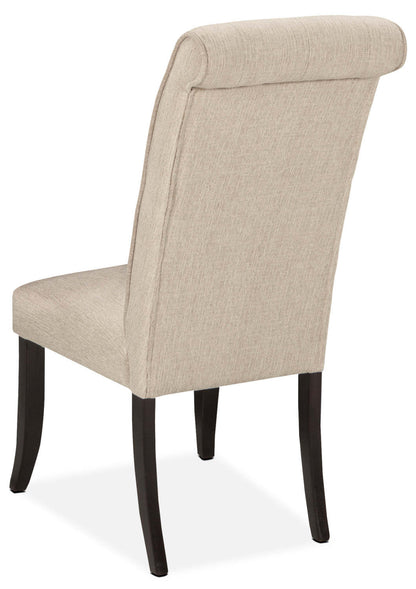 Chaise de salle à manger Tripton avec tissu d'apparence lin, capitonnée par boutons - Taupe | Chaise de salle à manger Tripton capitonnée en tissu d'apparence lin - taupe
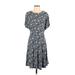 Ann Taylor LOFT Casual Dress - A-Line Crew Neck Short sleeves: Blue Floral Dresses - Women's Size 4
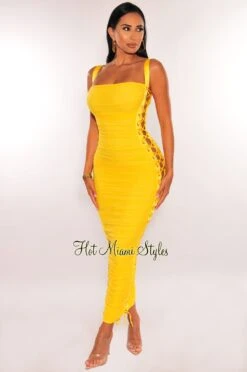 Yellow Mesh Spaghetti Strap Lace Up Sides Ruched Dress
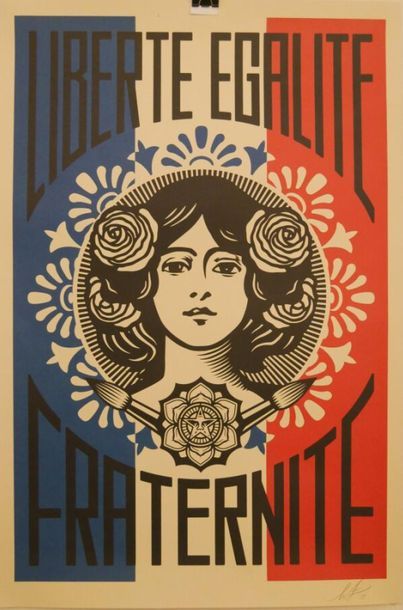null Shepard Fairey OBEY (1970)
Liberté, Egalité, Fraternité 
Sérigraphie en couleur
Signée...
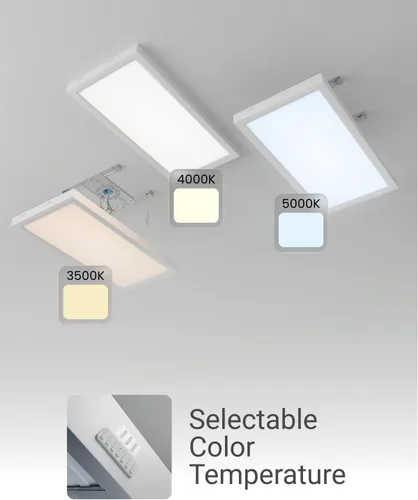 Vista 3 de Sunco Paquete de 6 Luces de Panel Plano LED de 1x2, CCT Dual Seleccionable 3500K/4000K/5000K y Potencia Seleccionable 16W/18W/20W, 2000 LM, Triac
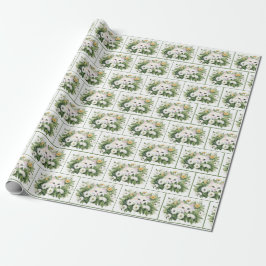 Papel De Regalo Gato Blanco Acuarela En Daisies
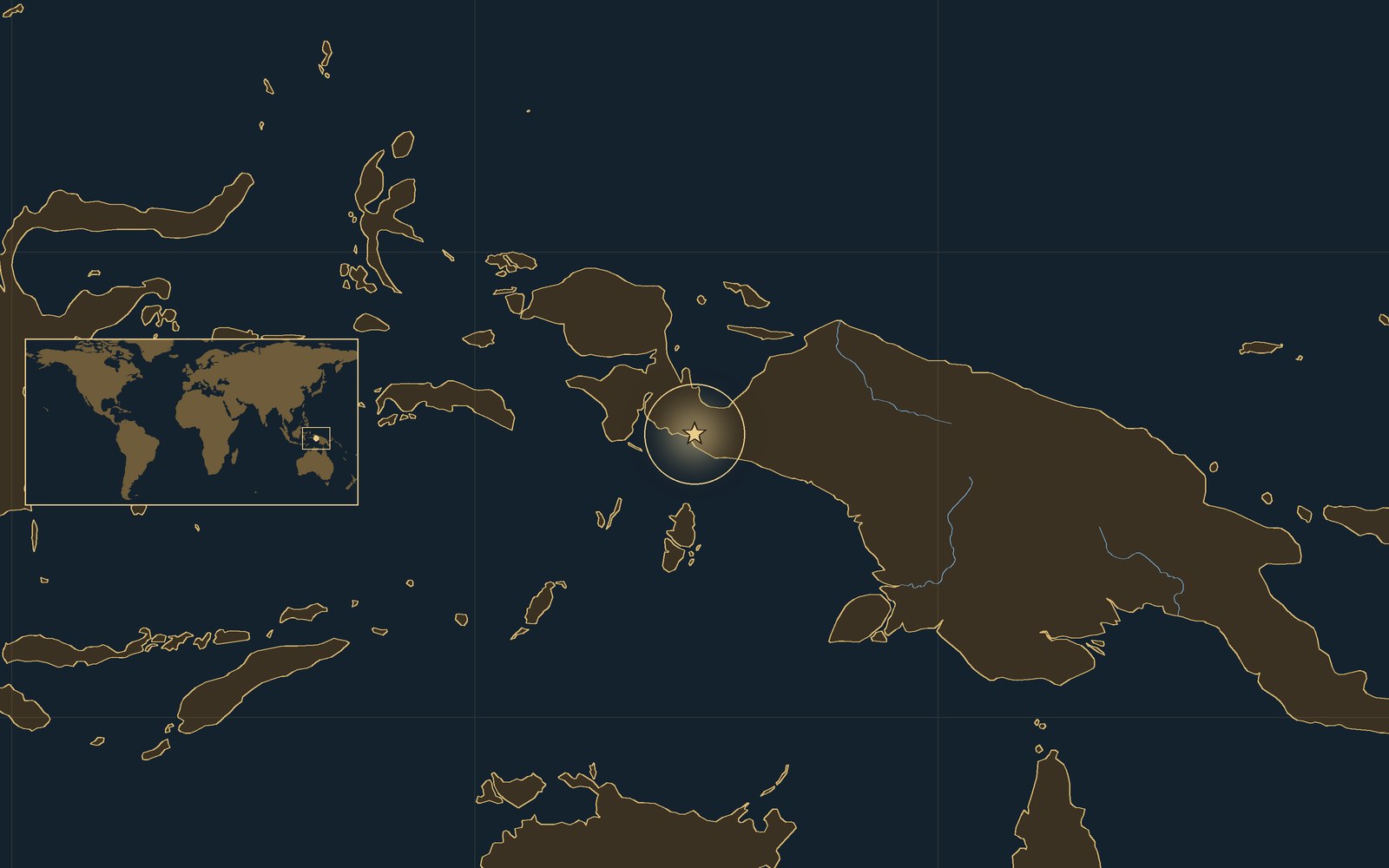 Location: Arafura Sea, near Etna Bay, Western New Guinea.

=======

Repeat each entry exactly. Pictures do not belong in the copy.

## WRITTEN SOLUTION
 Chaise de salle à manger Tripton avec tissu d'apparence lin, capitonnée par boutons - Taupe | Chaise de salle à manger Tripton capitonnée en tissu d'apparence lin - taupe
 Ann Taylor LOFT Casual Dress - A-Line Crew Neck Short sleeves: Blue Floral Dresses - Women's Size 4
 Yellow Mesh Spaghetti Strap Lace Up Sides Ruched Dress
null Shepard Fairey OBEY (1970)
Liberté, Egalité, Fraternité 
Sérigraphie en couleur
Signée...
 Vista 3 de Sunco Paquete de 6 Luces de Panel Plano LED de 1x2, CCT Dual Seleccionable 3500K/4000K/5000K y Potencia Seleccionable 16W/18W/20W, 2000 LM, Triac
 Papel De Regalo Gato Blanco Acuarela En Daisies
 Location: Arafura Sea, near Etna Bay, Western New Guinea.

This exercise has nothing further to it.